With the Six, our Cups have been transformed from a vessel that holds water to one that holds flowers. This reminds us that the power of love can rejuvenate us, it can also serve as the vessel through which new life can grow outside of ourselves. We experience this every time we perform an act of generosity or kindness for someone, no matter how seemingly trivial; we do these things not in our own self-interest but in faith that every positive emanation we ever make resonates across all of Creation for all time, and helps to restore harmony to the cosmos. This requires faith that is childlike in its simplicity, but as we have been told by one of God’s greatest messengers, we must “be as little children” before we can enter the kingdom of heaven.

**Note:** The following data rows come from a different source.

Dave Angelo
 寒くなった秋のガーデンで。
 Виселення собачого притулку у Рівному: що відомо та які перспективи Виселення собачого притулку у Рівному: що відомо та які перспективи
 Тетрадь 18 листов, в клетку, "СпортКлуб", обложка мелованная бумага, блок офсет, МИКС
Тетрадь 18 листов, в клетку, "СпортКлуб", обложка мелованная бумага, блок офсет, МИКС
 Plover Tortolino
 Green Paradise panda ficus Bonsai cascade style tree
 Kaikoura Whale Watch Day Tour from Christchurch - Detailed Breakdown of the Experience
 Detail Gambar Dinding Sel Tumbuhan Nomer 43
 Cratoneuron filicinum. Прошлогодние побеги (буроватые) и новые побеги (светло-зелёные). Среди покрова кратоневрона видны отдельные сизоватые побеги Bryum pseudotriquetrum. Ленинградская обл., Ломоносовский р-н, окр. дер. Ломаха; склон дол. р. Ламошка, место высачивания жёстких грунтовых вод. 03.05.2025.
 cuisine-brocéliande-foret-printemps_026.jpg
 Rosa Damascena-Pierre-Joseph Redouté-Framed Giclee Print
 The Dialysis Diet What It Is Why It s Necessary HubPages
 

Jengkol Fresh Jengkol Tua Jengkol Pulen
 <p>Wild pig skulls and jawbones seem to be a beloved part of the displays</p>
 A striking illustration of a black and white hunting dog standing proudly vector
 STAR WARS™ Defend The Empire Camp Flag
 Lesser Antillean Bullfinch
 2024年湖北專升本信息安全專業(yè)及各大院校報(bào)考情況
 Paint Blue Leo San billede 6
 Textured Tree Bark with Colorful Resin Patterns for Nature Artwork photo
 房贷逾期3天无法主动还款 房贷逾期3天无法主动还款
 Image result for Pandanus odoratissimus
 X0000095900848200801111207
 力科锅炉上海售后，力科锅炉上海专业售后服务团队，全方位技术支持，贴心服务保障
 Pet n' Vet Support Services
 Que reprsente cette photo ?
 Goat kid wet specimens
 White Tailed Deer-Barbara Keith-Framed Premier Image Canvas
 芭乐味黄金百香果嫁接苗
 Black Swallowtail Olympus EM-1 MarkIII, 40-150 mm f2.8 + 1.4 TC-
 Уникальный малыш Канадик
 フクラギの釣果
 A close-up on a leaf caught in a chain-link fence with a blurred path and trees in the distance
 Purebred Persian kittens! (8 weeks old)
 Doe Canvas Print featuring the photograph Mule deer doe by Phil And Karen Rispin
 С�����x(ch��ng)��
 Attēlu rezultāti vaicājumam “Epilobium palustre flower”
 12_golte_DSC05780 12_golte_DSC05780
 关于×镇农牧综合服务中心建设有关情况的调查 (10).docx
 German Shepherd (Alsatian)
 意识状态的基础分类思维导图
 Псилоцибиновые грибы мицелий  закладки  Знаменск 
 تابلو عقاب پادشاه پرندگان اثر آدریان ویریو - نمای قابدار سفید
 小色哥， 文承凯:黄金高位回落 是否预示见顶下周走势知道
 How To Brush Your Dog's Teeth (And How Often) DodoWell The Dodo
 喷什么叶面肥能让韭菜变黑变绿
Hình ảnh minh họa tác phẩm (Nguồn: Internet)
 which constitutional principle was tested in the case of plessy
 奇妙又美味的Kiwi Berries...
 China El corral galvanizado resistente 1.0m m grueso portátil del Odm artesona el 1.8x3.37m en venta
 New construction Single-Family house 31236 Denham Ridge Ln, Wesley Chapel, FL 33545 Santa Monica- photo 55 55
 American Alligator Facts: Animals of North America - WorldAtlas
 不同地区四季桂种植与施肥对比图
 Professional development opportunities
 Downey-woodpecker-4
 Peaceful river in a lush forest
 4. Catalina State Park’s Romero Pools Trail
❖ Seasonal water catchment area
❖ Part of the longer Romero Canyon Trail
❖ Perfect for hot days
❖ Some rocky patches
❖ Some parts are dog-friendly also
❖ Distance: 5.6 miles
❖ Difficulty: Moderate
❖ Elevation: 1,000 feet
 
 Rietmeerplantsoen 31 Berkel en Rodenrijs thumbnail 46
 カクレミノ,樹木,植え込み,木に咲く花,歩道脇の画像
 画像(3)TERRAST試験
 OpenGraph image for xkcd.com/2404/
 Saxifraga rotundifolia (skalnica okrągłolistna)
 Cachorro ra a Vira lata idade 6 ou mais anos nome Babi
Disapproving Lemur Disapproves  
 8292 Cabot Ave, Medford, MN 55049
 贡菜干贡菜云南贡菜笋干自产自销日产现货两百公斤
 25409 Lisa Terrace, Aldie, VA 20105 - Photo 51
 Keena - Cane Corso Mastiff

Only a handful of cards in the Tarot contain images of children, and of them, this is the only one that shows the act of giving. It suggests that charity and mercy are instinctual to us—we are born with these traits, in other words, and we only lose sight of them as our egos develop and we begin to think of ourselves as separate from the rest of humankind. The Six is indeed a card of innocence and purity—as embodied in the white flowers—and it advises us to reflect on occasion and ask ourselves how we can regain some of that innocence again and see the interconnectedness of all things. Of course, we can make the mistake of over-romanticizing our childhoods—and most of us do, at one time or another—but we can reclaim some of that magic by doing right by each other instead of fighting each other.
This is Tiphareth in Briah, the station on the Tree where God’s love and man’s highest aspirations meet and compliment each other: It is the downward-facing and the upward-facing triangles that form the magic star, the magen David in the House of Divine Love. The house behind the children has six windows, as does the tower to the left, and the five-petaled flowers stand for the five senses of man. It reminds us of what we discussed with the Ace—only now, we are asked to pour all of ourselves, and all of our faculties, into the selfless act of love. There is nothing to fear or doubt in this task, for we are protected always; just as the sentry in the background watches over the children, so too our “heavenly sentry” will guard us from harm.
Meanings of this card can include: Childhood memories, childhood wisdom, mercy and charity, “the past recaptured,” innocence regained, memories or nostalgia, or love in all its aspects; but also delusions of childhood, innocence lost, forgetfulness, miserliness, lessons of the past forgotten, or separation from humanity. “Suffer little children, forbid them not; for of such is the kingdom of heaven.”